LAUSANNE, Switzerland (Reuters) – Italian Prime Minister Giuseppe Conte will attend an International Olympic Committee vote on Monday to support Milan and Cortina D’Ampezzo’s bid to land the 2026 winter Games, a source within the Italian Olympic Committee said on Wednesday.

The Italian bid is up against the Swedish candidacy of Stockholm and Are, with the IOC to elect the winning bid on Monday.

“We have informed the IOC today that Prime Minister Conte will arrive (in Lausanne) on Monday,” the source told Reuters.

The two bids are the last remaining after Swiss city Sion, Japan’s Sapporo, Austria’s Graz and 1988 hosts Calgary in Canada all withdrew last year, scared off by the cost and size of the Games or strong local opposition to the Olympics.

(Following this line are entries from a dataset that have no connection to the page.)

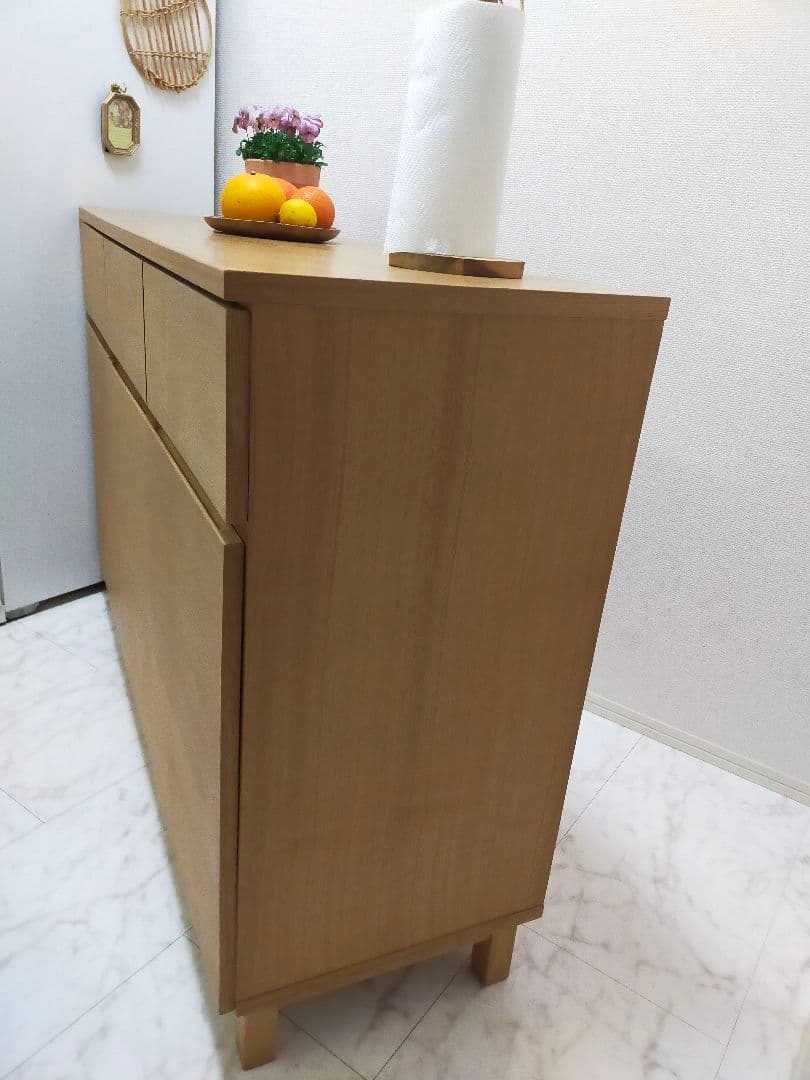 【お値下】無印 タモ材 キャビネット 脚付き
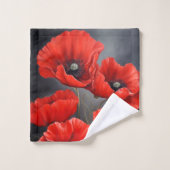 Rode papaver bad handdoek (Wasdoekje)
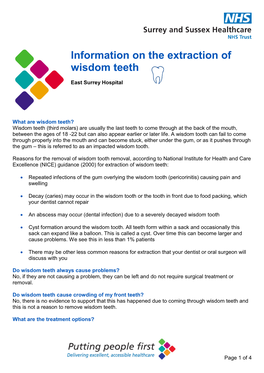 Information on the Extraction of Wisdom Teeth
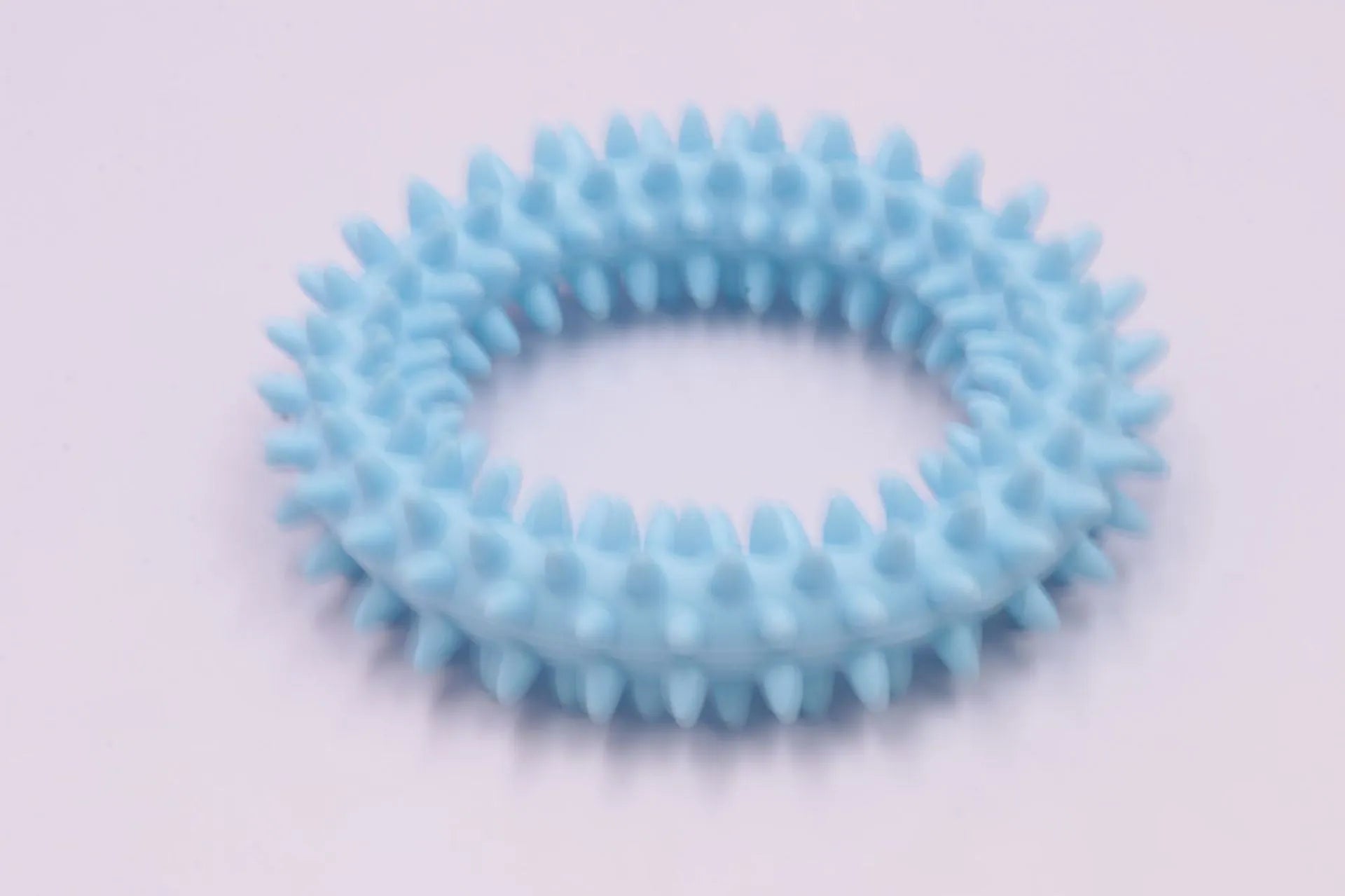 Blue TPR spiky circle ring dog chew toy for dental cleaning and bite-training.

Turkey’s Erzurum was eliminated from the bidding process by the IOC.

“The Prime Minister will come to support the bid of Italy,” the source said.

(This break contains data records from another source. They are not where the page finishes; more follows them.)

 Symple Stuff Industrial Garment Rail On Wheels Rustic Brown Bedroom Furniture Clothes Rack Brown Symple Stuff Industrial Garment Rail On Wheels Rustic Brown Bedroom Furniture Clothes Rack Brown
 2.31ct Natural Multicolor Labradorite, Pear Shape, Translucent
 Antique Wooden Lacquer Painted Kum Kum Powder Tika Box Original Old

Up until a few years ago bidding for the Games was a fierce affair and campaign budgets grew to as much as $100 million as heads of state attended the vote in order to push for their country’s candidacy.

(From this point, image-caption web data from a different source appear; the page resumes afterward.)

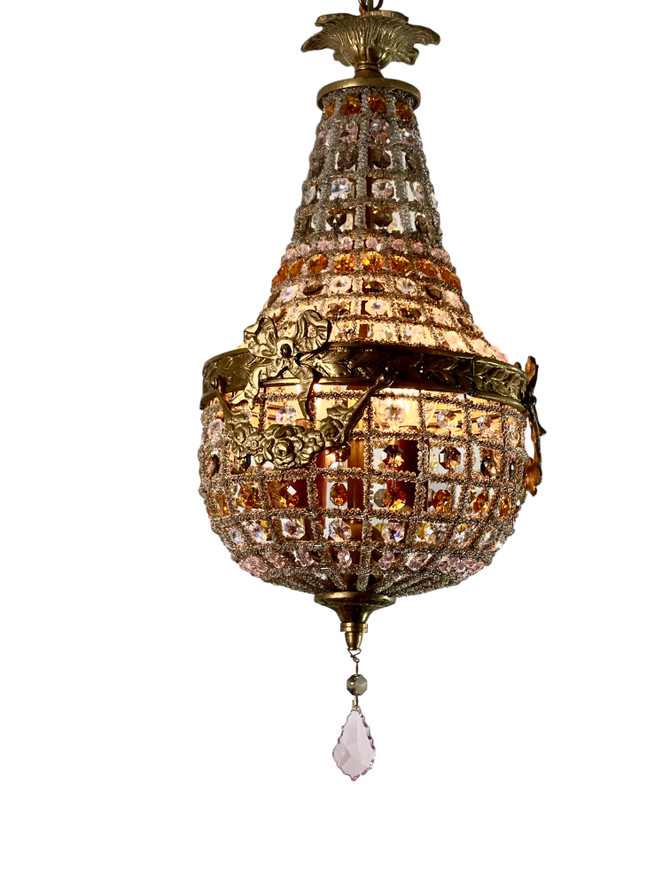 One of a Kind Luxury Louis XVI French Empire Style STRASS Swarovski Crystal Beaded Basket Chandelier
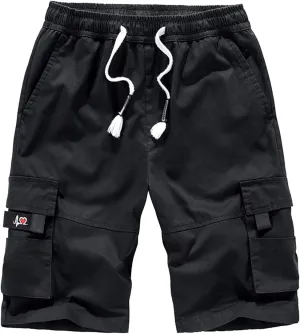 XinYangNi Men's Cargo Shorts Elastic Waist Relaxed Fit Cotton Casual Outdoor Lightweight Work Shorts Multi-Pockets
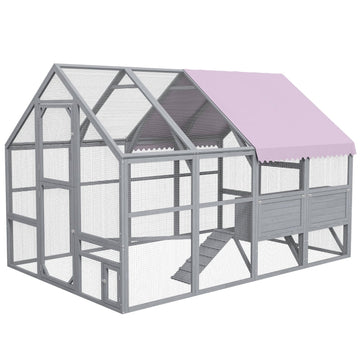 Kippenhok met ren, inloopmodel | Kleur: Grijs | Afmetingen: 185.5x280x188 cm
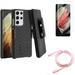 Pink 10ft Long Cable & Case Belt Clip & Matte Screen Protector for Samsung Galaxy S21 Ultra Phone - USB-C to Type-C PD Fast Charger & Holster Swivel & TPU Film Anti-Glare Accessory Bundle
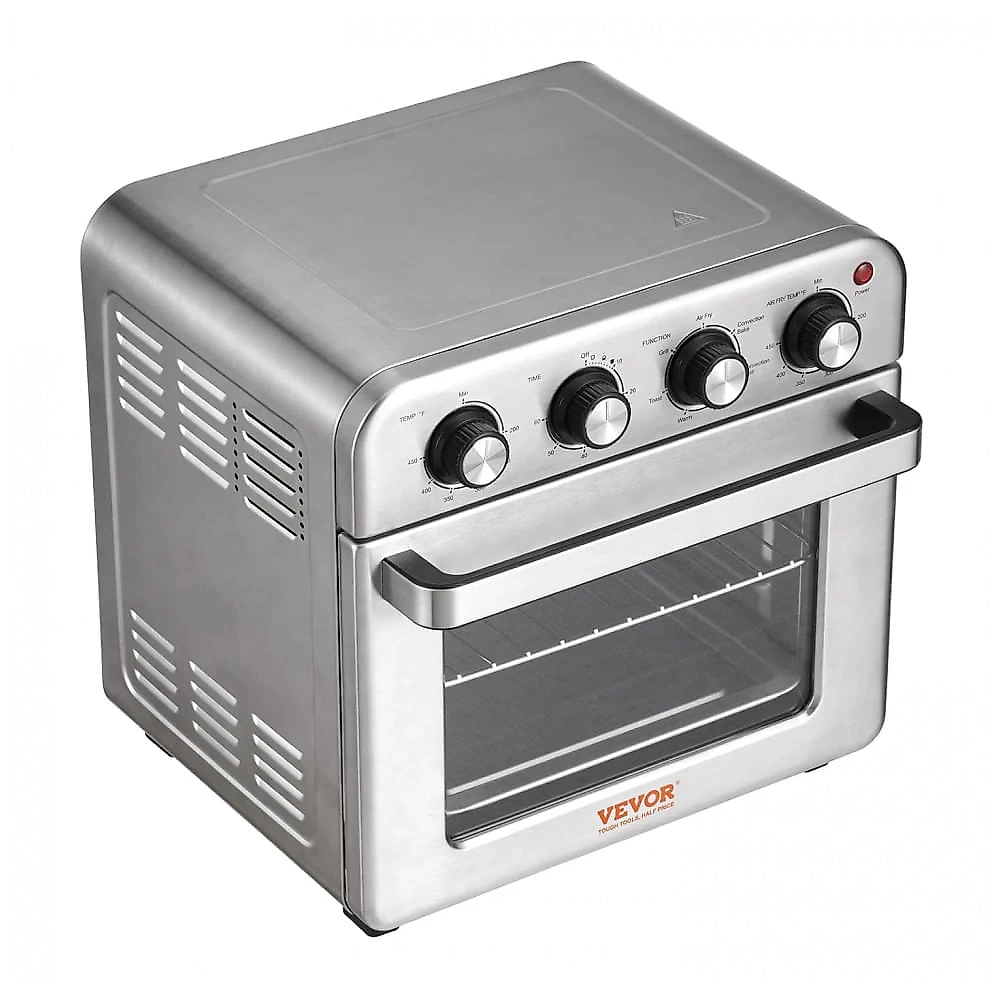 Forno Elétrico Air Fryer VEVOR 7 em 1, 18L, 1800W, Convecção 360°, Temporizador 60min, Aço Inox, Multiuso com Acessórios, 110V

But with interest waning in recent years amid ballooning budgets for hosting the Games, fewer cities are left in the race, forcing the IOC to reform the bid process in an effort to turn the Games into an attractive prospect again.

It has also not been an easy process for Milan and Stockholm, with both having to wait until late to receive much-needed government guarantees and support.

The Swedish bid also suffered a major blow when the City of Stockholm said it would not be signing the host city contract with the IOC should it be awarded the Games, amid strong local opposition. Are would do it instead.